**Listed records**
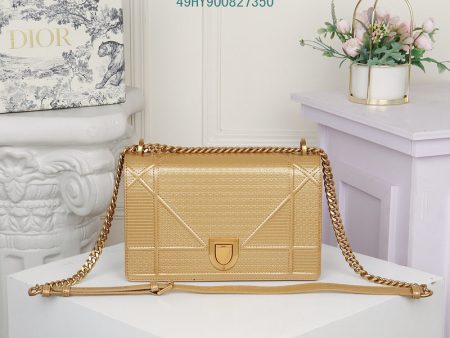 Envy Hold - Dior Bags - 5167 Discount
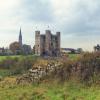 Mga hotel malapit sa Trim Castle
==
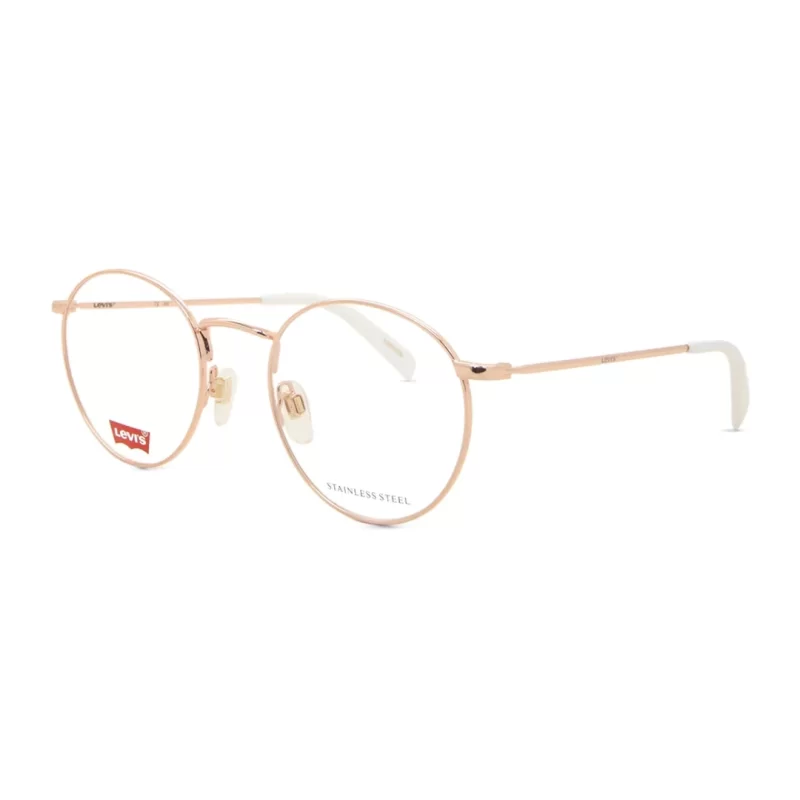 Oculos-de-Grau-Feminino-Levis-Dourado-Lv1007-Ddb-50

**What the exercise asks**
Whatever pictures the records hold, omit them; give again exactly the lines from the one containing "Envy Hold - Dior Bags - 5167 Discount" through the one containing "Mga hotel malapit sa Trim Castle".

**Written response**
 Envy Hold - Dior Bags - 5167 Discount
 Mga hotel malapit sa Trim Castle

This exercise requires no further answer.